Please write out exactly the lines of the data below from the line holding "Rockport Aubriella Slide" through the line holding "Wederverkoop - Rijhuis - Urb. La Marina", and leave out the rest.

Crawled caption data
◆ ◆ ◆ ◆ ◆

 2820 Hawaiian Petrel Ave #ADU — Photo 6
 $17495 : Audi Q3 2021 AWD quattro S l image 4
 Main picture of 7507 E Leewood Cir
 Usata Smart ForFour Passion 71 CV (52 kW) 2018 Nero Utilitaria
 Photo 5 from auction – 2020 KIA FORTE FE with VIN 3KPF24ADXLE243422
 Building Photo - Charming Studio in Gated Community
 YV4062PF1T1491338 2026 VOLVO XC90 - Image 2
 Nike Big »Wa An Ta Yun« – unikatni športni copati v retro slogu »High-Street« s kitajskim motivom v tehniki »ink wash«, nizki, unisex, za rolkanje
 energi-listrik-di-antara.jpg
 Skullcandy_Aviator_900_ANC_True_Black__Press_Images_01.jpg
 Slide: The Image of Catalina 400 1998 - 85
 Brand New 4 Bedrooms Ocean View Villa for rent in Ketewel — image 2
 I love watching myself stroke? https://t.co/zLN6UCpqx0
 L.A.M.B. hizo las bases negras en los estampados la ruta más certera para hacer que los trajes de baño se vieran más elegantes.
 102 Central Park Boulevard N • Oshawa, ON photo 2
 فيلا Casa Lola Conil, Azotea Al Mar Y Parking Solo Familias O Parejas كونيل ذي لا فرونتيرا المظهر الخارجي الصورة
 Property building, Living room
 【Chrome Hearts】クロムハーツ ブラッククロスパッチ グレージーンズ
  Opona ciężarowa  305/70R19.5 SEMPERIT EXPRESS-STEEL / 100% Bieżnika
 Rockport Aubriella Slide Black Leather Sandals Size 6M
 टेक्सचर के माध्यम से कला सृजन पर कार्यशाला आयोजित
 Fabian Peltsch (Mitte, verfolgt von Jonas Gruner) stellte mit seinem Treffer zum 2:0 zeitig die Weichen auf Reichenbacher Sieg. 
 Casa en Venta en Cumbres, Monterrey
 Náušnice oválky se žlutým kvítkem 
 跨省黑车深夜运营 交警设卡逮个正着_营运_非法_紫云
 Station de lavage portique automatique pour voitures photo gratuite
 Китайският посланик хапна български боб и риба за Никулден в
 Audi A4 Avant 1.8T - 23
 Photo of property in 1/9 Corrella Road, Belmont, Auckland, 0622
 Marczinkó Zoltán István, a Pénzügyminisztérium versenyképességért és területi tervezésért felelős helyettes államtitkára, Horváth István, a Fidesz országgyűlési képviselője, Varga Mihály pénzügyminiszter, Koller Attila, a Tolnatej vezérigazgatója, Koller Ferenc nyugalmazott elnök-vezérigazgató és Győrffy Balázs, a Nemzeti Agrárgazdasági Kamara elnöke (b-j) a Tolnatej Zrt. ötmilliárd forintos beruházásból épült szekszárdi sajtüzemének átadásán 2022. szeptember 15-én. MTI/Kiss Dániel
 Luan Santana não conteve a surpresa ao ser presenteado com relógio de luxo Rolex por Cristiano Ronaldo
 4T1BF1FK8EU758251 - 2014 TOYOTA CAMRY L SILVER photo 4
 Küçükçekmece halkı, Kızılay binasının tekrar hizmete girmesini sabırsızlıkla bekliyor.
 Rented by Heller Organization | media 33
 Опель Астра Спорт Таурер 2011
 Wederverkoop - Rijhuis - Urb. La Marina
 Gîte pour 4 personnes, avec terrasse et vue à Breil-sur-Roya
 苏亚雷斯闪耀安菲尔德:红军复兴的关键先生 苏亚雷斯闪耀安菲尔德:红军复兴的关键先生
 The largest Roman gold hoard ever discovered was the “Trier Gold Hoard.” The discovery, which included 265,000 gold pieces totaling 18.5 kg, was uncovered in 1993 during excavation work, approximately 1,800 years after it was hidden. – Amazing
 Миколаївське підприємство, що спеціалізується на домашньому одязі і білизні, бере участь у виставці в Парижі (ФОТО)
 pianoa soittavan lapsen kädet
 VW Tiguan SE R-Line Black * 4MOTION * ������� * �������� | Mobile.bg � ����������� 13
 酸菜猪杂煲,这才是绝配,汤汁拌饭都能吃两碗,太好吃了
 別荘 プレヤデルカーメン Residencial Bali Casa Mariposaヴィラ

◆ ◆ ◆ ◆ ◆

Result for this exercise
 Rockport Aubriella Slide Black Leather Sandals Size 6M
 टेक्सचर के माध्यम से कला सृजन पर कार्यशाला आयोजित
 Fabian Peltsch (Mitte, verfolgt von Jonas Gruner) stellte mit seinem Treffer zum 2:0 zeitig die Weichen auf Reichenbacher Sieg. 
 Casa en Venta en Cumbres, Monterrey
 Náušnice oválky se žlutým kvítkem 
 跨省黑车深夜运营 交警设卡逮个正着_营运_非法_紫云
 Station de lavage portique automatique pour voitures photo gratuite
 Китайският посланик хапна български боб и риба за Никулден в
 Audi A4 Avant 1.8T - 23
 Photo of property in 1/9 Corrella Road, Belmont, Auckland, 0622
 Marczinkó Zoltán István, a Pénzügyminisztérium versenyképességért és területi tervezésért felelős helyettes államtitkára, Horváth István, a Fidesz országgyűlési képviselője, Varga Mihály pénzügyminiszter, Koller Attila, a Tolnatej vezérigazgatója, Koller Ferenc nyugalmazott elnök-vezérigazgató és Győrffy Balázs, a Nemzeti Agrárgazdasági Kamara elnöke (b-j) a Tolnatej Zrt. ötmilliárd forintos beruházásból épült szekszárdi sajtüzemének átadásán 2022. szeptember 15-én. MTI/Kiss Dániel
 Luan Santana não conteve a surpresa ao ser presenteado com relógio de luxo Rolex por Cristiano Ronaldo
 4T1BF1FK8EU758251 - 2014 TOYOTA CAMRY L SILVER photo 4
 Küçükçekmece halkı, Kızılay binasının tekrar hizmete girmesini sabırsızlıkla bekliyor.
 Rented by Heller Organization | media 33
 Опель Астра Спорт Таурер 2011
 Wederverkoop - Rijhuis - Urb. La Marina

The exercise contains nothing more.